30,000 Network of trial users that Symphony has built up. It has now announced a tie-up with news feed provider Dow Jones, which says Symphony is a “network of arteries that will eventually be driving the lifeblood of Wall Street”.
The Lexicon: 8K
The television market is still getting to grips with 4K, aka ultra HD, but in October, the first 8K screen will go on sale, courtesy of Sharp. The 85-inch device will have a price tag of about €117,000, so it's probably not going to be on anyone's Christmas wish list, notwithstanding all the usual promises about creating a "cinema-like" experience. So far Japan's NHK is the only broadcaster to announce plans to create and broadcast 8K content – it hopes to show all of Tokyo's 2020 Olympic Games in 8K. Every bead of sweat, etc...

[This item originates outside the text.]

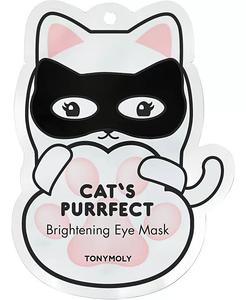 Осветляющая маска для глаз Cat's Purrfect Tonymoly
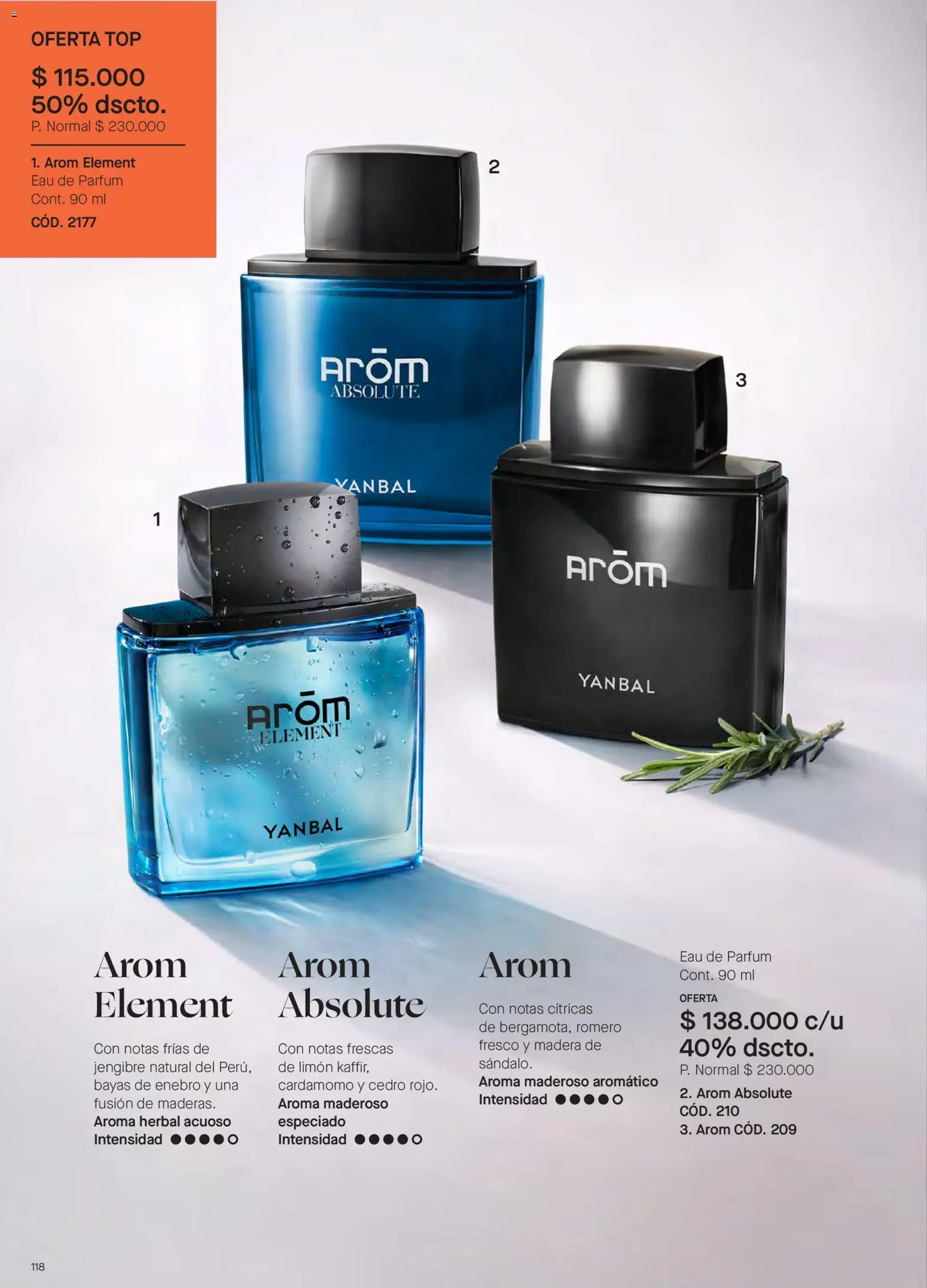 Yanbal revista - valida desde el 10/10/2026 | Página: 118 | Productos: Cardamomo, Jengibre, Limón, Top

Getting to know: Malcolm Turnbull
The man known in Australia as “Mr Broadband” is now its prime minister. Malcolm Turnbull (60) this week ousted Tony Abbott to retake his position as Liberal Party leader and become Australia’s fourth prime minister in about two years. The multimillionaire was previously its minister for communications, hence the nickname. He rose to prominence in the mid-1980s for successfully representing ex-MI5 man Peter Wright in the Spycatcher case, which saw the British government lose its attempt to block publication of Wright’s memoirs.
The list: Chocolate wars
Don’t let anyone tell you anything different: Chocolate is a seriously bitter business with a surprising amount of lawyers involved.
1 Four fingers Cadbury has declared itself "pleased" this week after rival Nestle failed to convince the European Court of Justice that it has the right to trademark the shape of its four-finger KitKat.
2 Colour purple There was joy for Nestle when Cadbury lost its bid to trademark the use of its favourite colour, Pantone 2865c. Nestle's Big Purple One lives.
3 Import pain Hershey, which holds the licence to make "Cadbury" chocolate in the US, has tried to crack down on retailers that import the real stuff from Britain on the grounds that the Hershey's variety is "brown, and that's about it".
4 Bunny battle Lindt has made a chocolate rabbit wrapped in gold foil with a red ribbon since 1952, but knock-offs prevail after it lost a trademark application in 2012.
5 Vegetable fat Spain and Italy were the last holdouts in Europe's long-running chocolate war. They demanded in vain that the British and Irish stuff be called "chocolate substitute" on the grounds it is not made with 100 per cent cocoa butter.